Biographie Diskographie [2]

Biographie

1962
Der Dirigent und Geiger Lavard Skou Larsen wurde in Porto Alegre in Brasilien geboren. Mit vier Jahren begann er das Violinstudium bei seinem Vater Gunnar, ergänzt von Unterweisungen durch Ernst Moravec in Wien.
1976-1986
Im Alter von 14 Jahren wurde er an der Hochschule für Musik und Darstellende Kunst Mozarteum in die Violinklasse von Helmut Zehetmair aufgenommen. Er absolvierte mit Auszeichnung und schloss ein postgraduiertes Studium bei Sándor Végh an, in dessen Camerata Academica er von 1983-1986 Mitglied wurde.
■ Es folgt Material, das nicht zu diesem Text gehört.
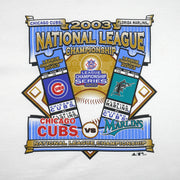 Adidas - Cubs Vs Marlins National League Champions Deadstock T-Shirt 2003 X-Large Vintage Retro Baseball
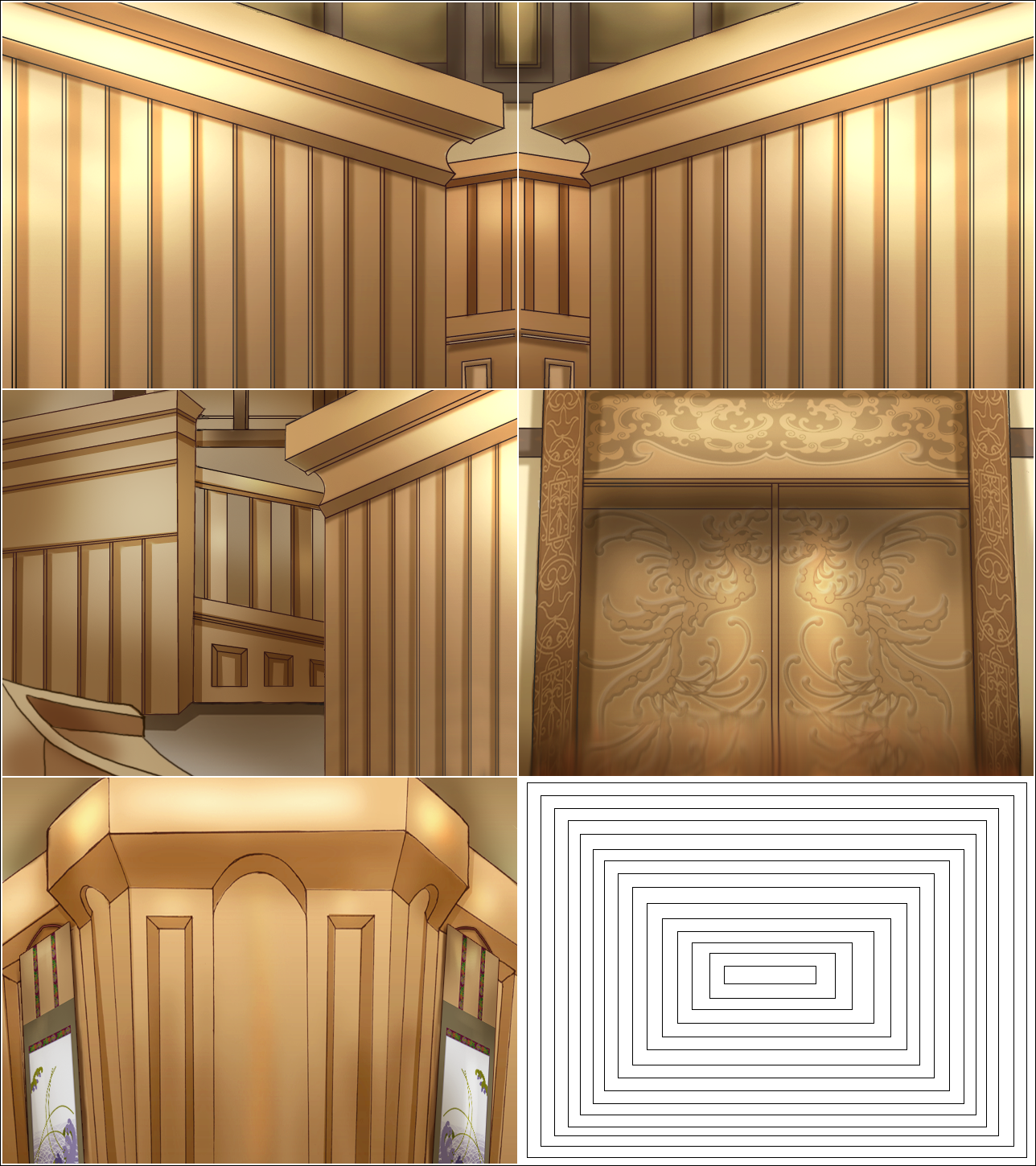 Shin Gyakuten Touhou - Courtroom Parts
Als Solist trat Skou Larsen zum ersten Mal neunjährig öffentlich mit Orchesterbegleitung auf. Seither konzertierte er in den großen Sälen der Welt, internationale Auszeichnungen folgten.
ab 1991
Inspiriert von Sergio Celibidache begann Lavard Skou Larsen seine Tätigkeiten als Dirigent: 1991 gründete er die Salzburg Chamber Soloists mit denen er eine intensive Konzerttätigkeit pflegt.
1996-2002
Künstlerischer Leiter des European Union Chamber Orchestras, das unter dem Patronat der Königin Sophie von Spanien als kultureller Botschafter weltweit konzertiert. Als Leiter und Dirigent wird er seitdem von Sinfonie- und Kammerorchestern in Europa, Nord- und Südamerika eingeladen: der Sinfonietta Amsterdam, dem Mozarteum Orchester Salzburg, dem Orchestre de Chambre de Geneve, dem Orchestre des Pays de Savoie, dem Orquestra Sinfonica de Porto Alegre sowie den Dresdner Philharmonikern.
ab 2005
Mit Beginn der Saison 2005/2006 ist Lavard Skou Larsen Chefdirigent der Deutschen Kammerakademie Neuss. Ferner hat er eine Violinprofessur am Mozarteum Salzburg inne. Gastdirigate führen ihn in die großen Musikzentren der Welt.
2012
Berufung zum Chefdirigenten des Georgischen Kammerorchesters Ingolstadt.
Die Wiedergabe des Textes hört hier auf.